En Tiempos de Aletheia

Excalibur revisited

En las leyendas artúricas, y siempre hay algo de historia en las leyendas, Merlín clava la espada del poder, Excalibur, en la roca, y, como si dijéramos, convoca oposiciones a rey de Camelot, oposiciones de una sola plaza, y con una sola prueba: arrancar la espada de la roca. Se presentan muchos caballeros, se esfuerzan como galeotes intentado arrancársela a las tripas del granito, sin conseguirlo. Está claro su esfuerzo, pues todos anhelan el poder. Pero la espada solo será de quien considere que el único sentido del poder es el servicio al pueblo. Todas las imaginaciones que han ido tejiendo el gran mito céltico parecen considerar el momento en el que el joven e indocumentado Artur arranca Excalibur de la soledad de la roca un acto poético, todo el reino se activa, los ríos se desbordan, los campos reverdecen, el canto de las aves despierta a las doncellas. Durante un tiempo, Camelot es el reino soñado, Artur y su consejo de ministros, es decir, los Caballeros de la Tabla Redonda, gobiernan con equidad y justicia.
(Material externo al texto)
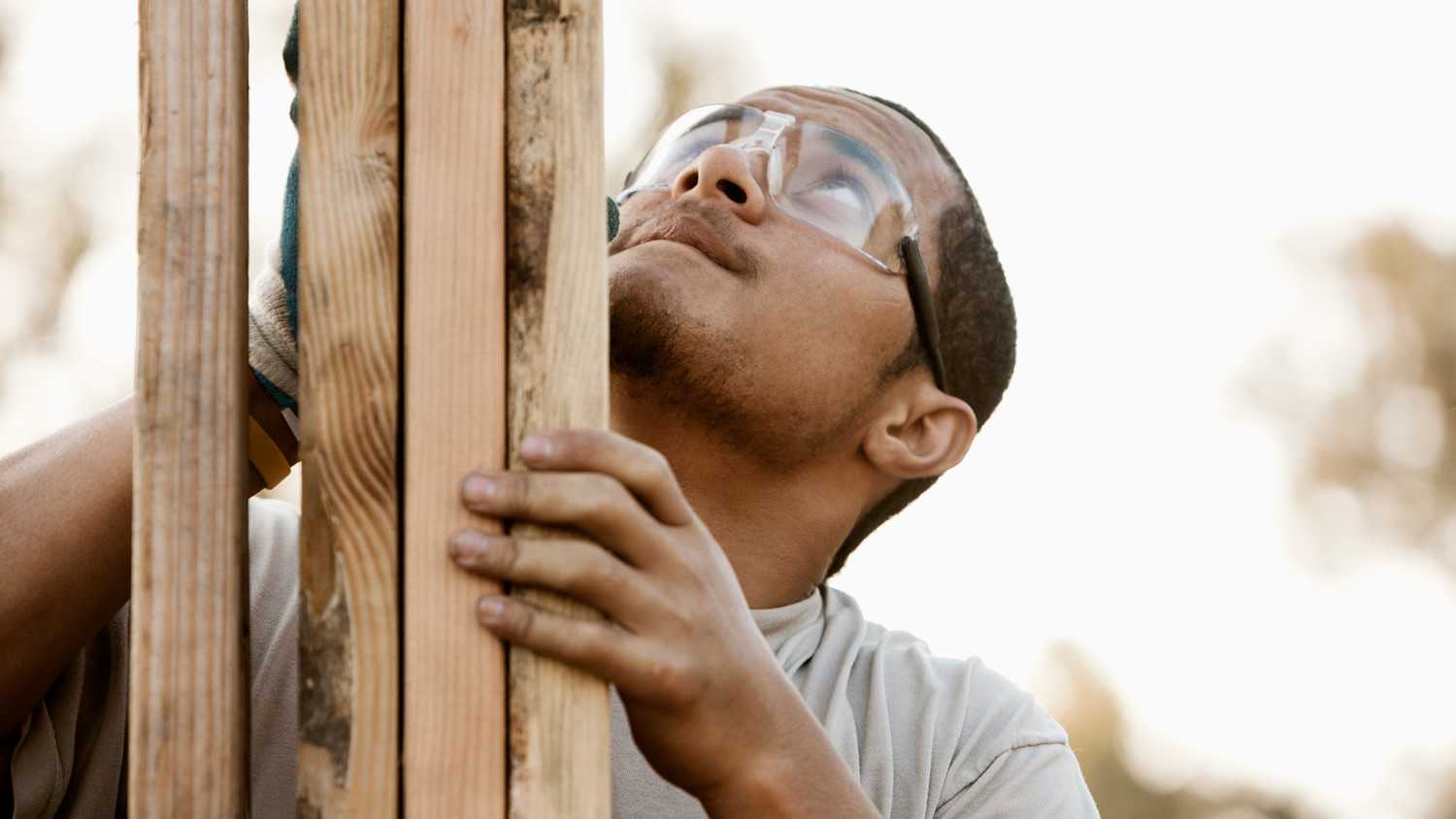 construction worker adjusting house frame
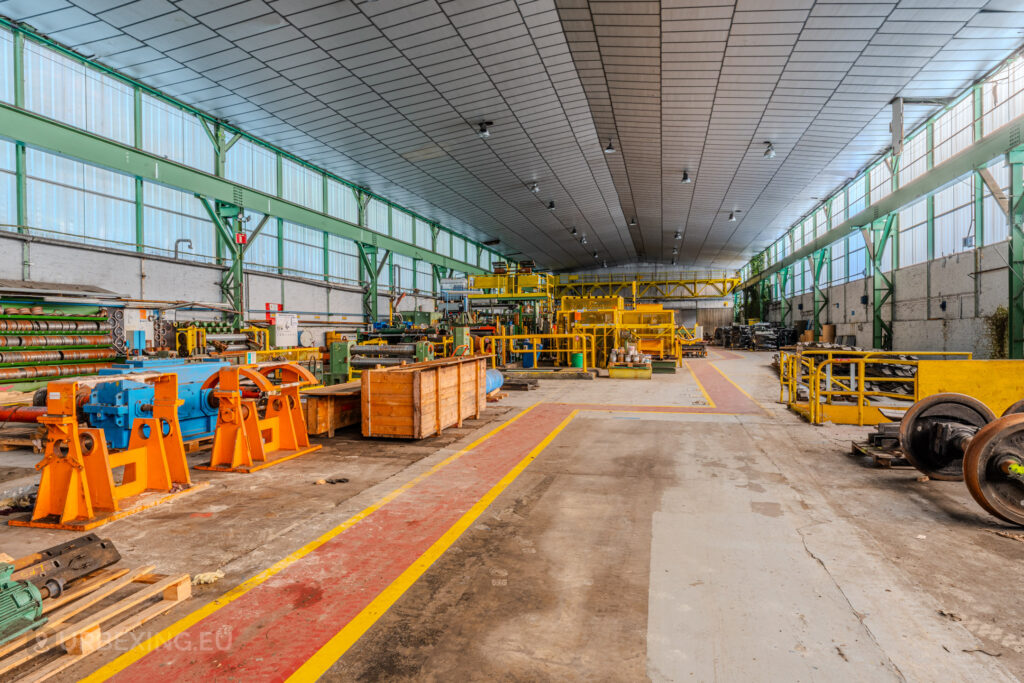 Spacious industrial hall with abandoned machinery, vibrant orange and blue equipment, and organized storage at the ArcelorMittal Marchin plant in Liège, Belgium.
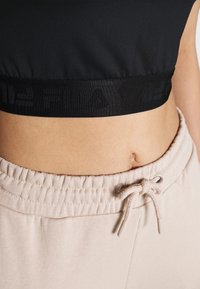 Černý zkrácený top s texturovaným logem, spárovaný se světlými béžovými teplákovými kalhotami s šňůrkou a nařaseným pasem.
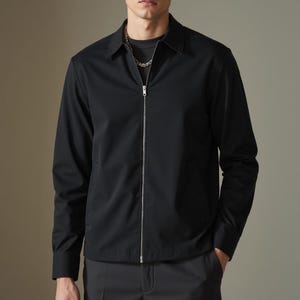 May include: A black zip-up jacket with a collared neckline. The jacket has a zipper closure and long sleeves.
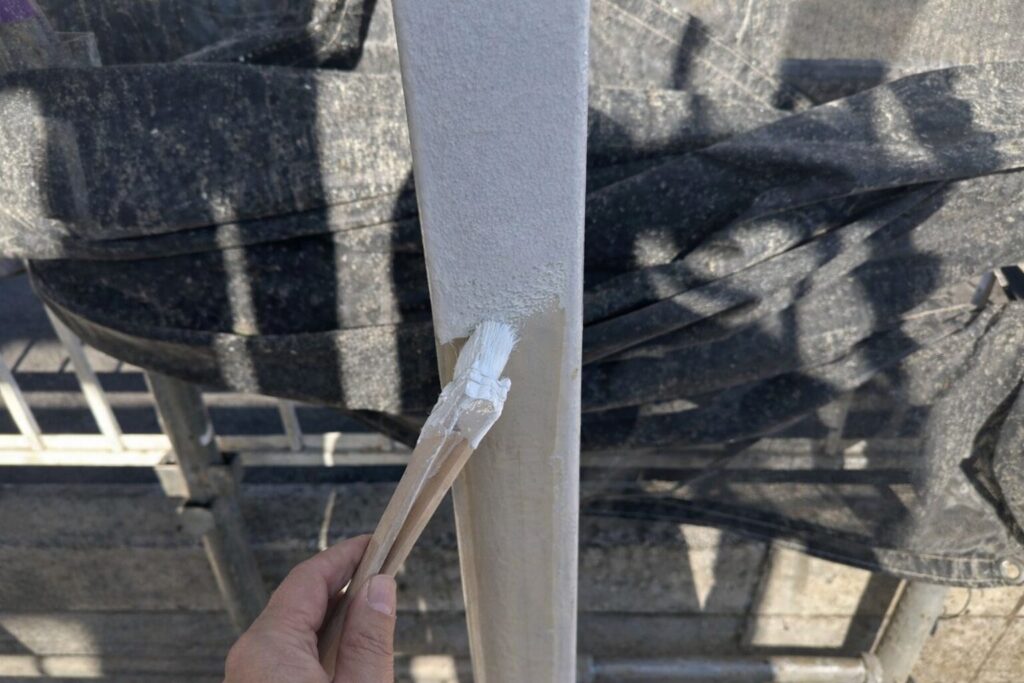 練馬区の集合住宅で鉄骨柱に錆止め塗料を刷毛で塗布する下塗り作業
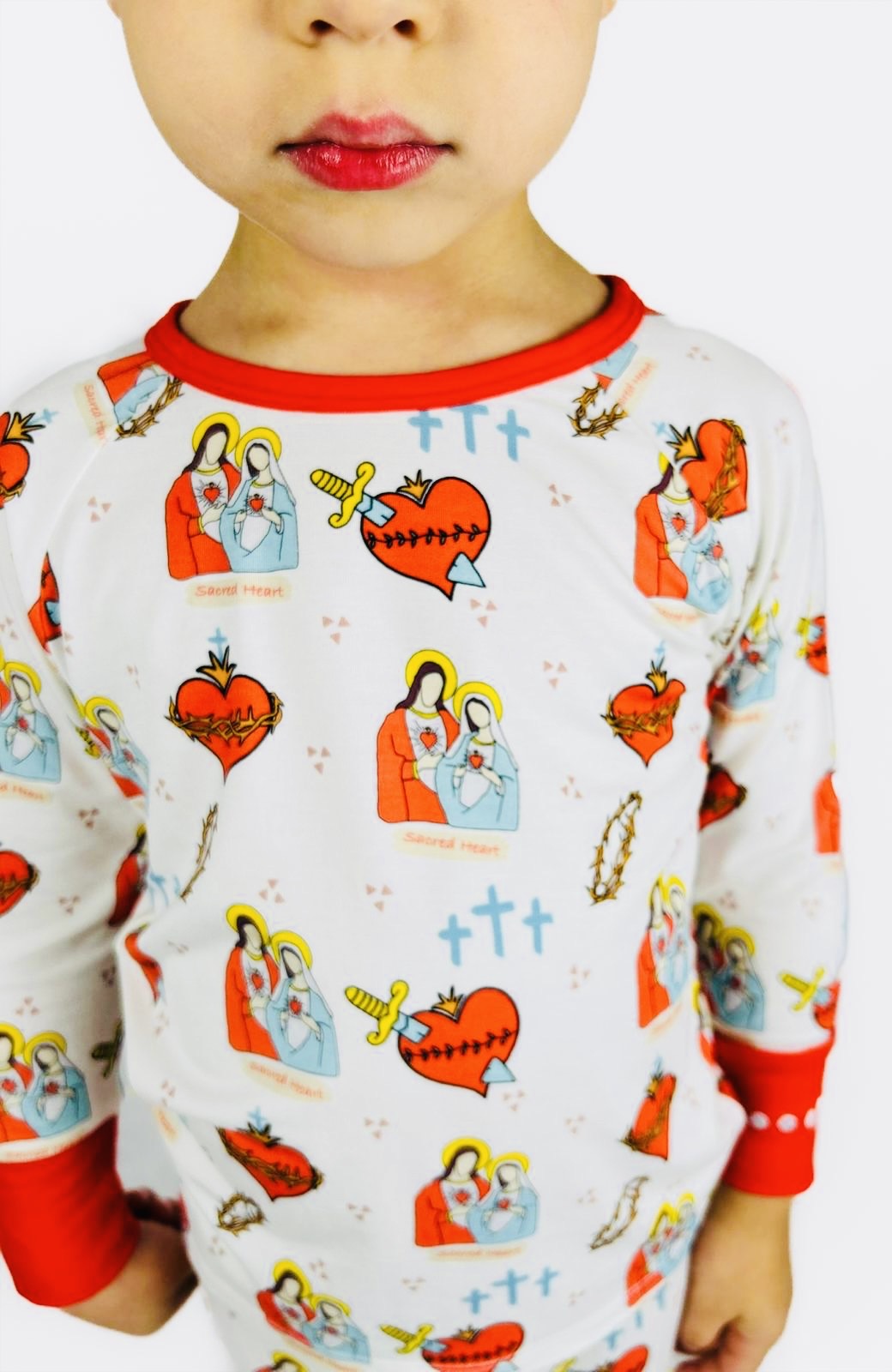 Boy wearing Sacred Heart of Jesus and Immaculate Heart of Mary pajamas 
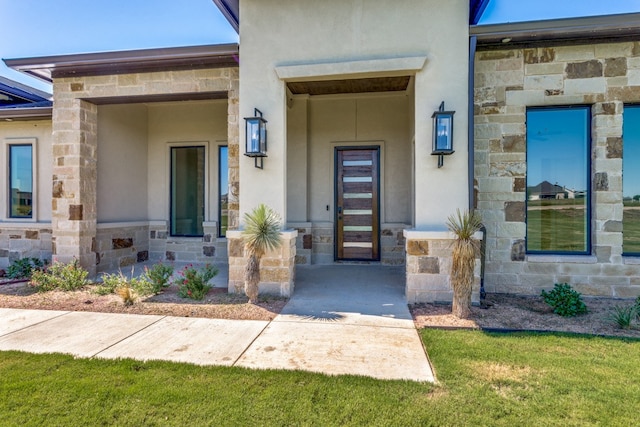 property entrance with a yard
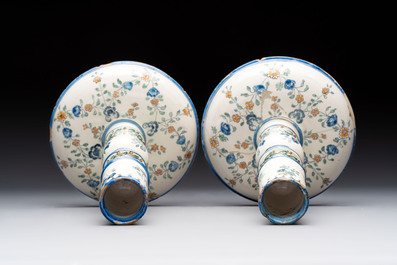 A pair of polychrome French faience candlesticks, 18th C.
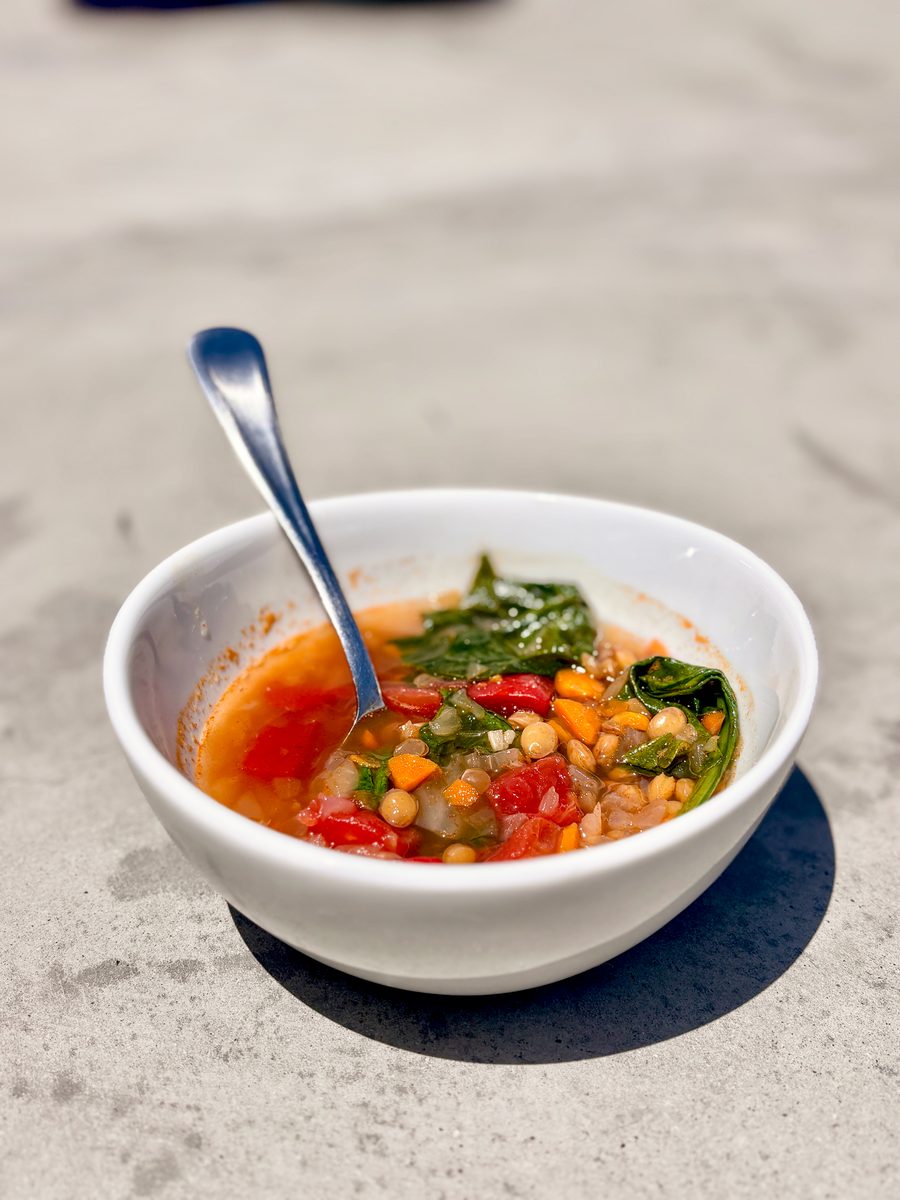A white bowl of tomato-based vegetable and lentil soup with spinach and a spoon resting in it, on a dark round mat over a light su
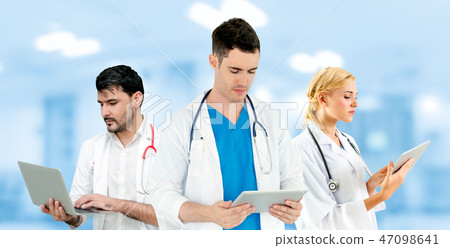Doctor working in hospital with other doctors. 47098641
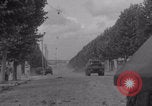 Image of M4 Sherman tank fires in street WW2 Antony France, 1944, second 8 stock footage video 65675079398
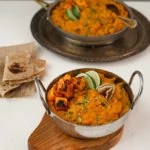 Two bowls of yellow daal topped with squash and limes wedges placed on trays with roti on the side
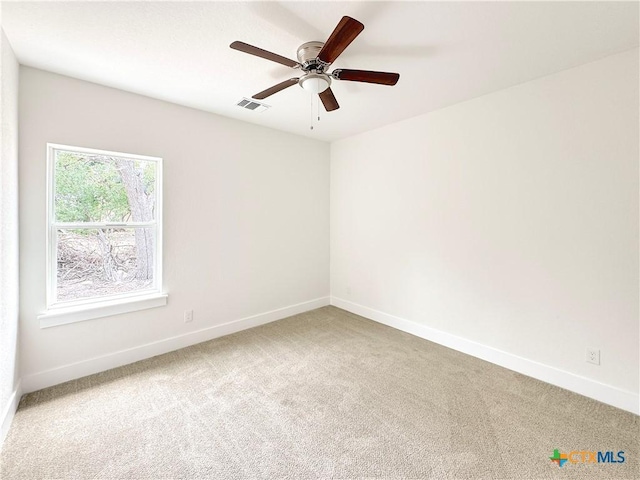 1637 Bob White Dr, Spring Branch, TX 78070 - unfurnished room featuring carpet flooring, baseboards, and a ceiling fan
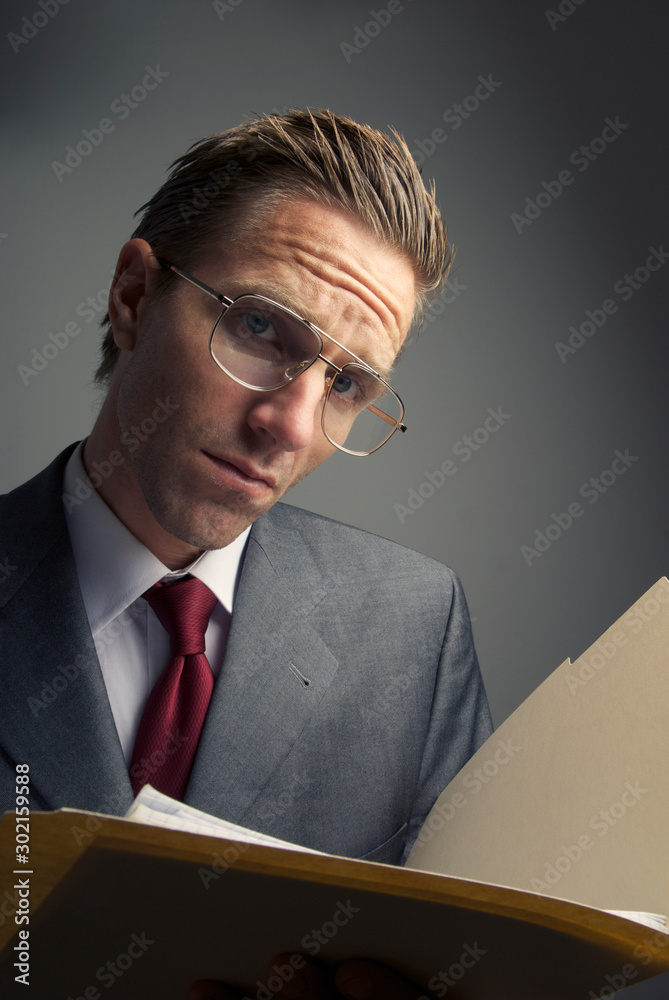 Skeptical businessman holding a file folder looking at the camera with a serious expression Skeptical businessman holding a file folder looking at the camera with a serious expression
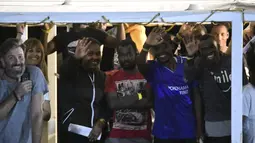 Para imigran melambaikan tangan di kapal Open Arms sebelum turun di pulau Sisilia Lampedusa, Italia (20/8/2019). Jaksa penuntut Italia Luigi Patronaggio memerintahkan penyitaan sebuah kapal penyelamat migran dan evakuasi langsung dari 80 migran yang tersisa di kapal. (AP Photo/Salvatore Cavalli)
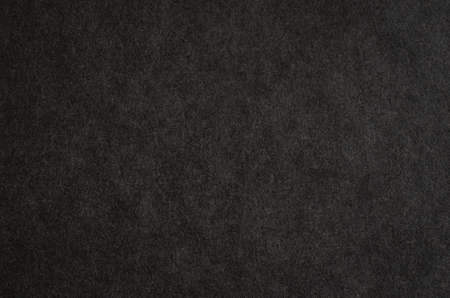 Black paper texture. Macro photography of book cover.の写真素材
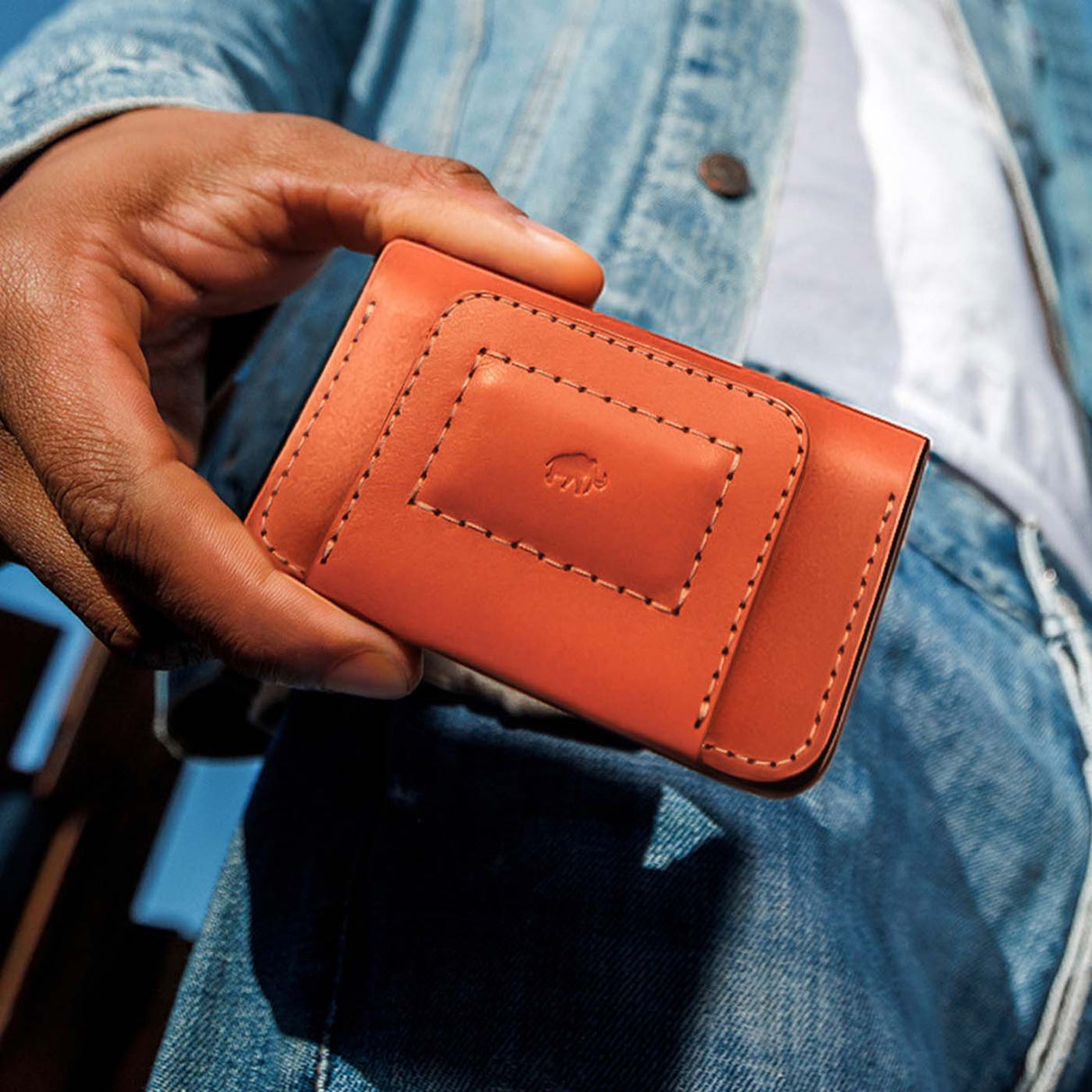 Hand holding a orange leather wallet with a brand logo against a denim background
Pero después de los años dorados, los ideales se van relajando; Merlín, francamente mosqueado, se retira al bosque, de donde nunca debería haber salido, aumentan los banquetes, las celebraciones y saraos, la música se vuelve wagneriana, los caballeros echan de menos los buenos tiempos y se desperdigan por el mundo buscando marcha, y Artur, ante la deserción de los mejores, muere en combate con su propio hijo, el malvado Mordred, quien posiblemente no sea más que la imagen que ahora los espejos reflejan de Artur. Un Artur artrítico devuelve la espada al lago y luego va a morir a Avalón como si tal cosa, en fin.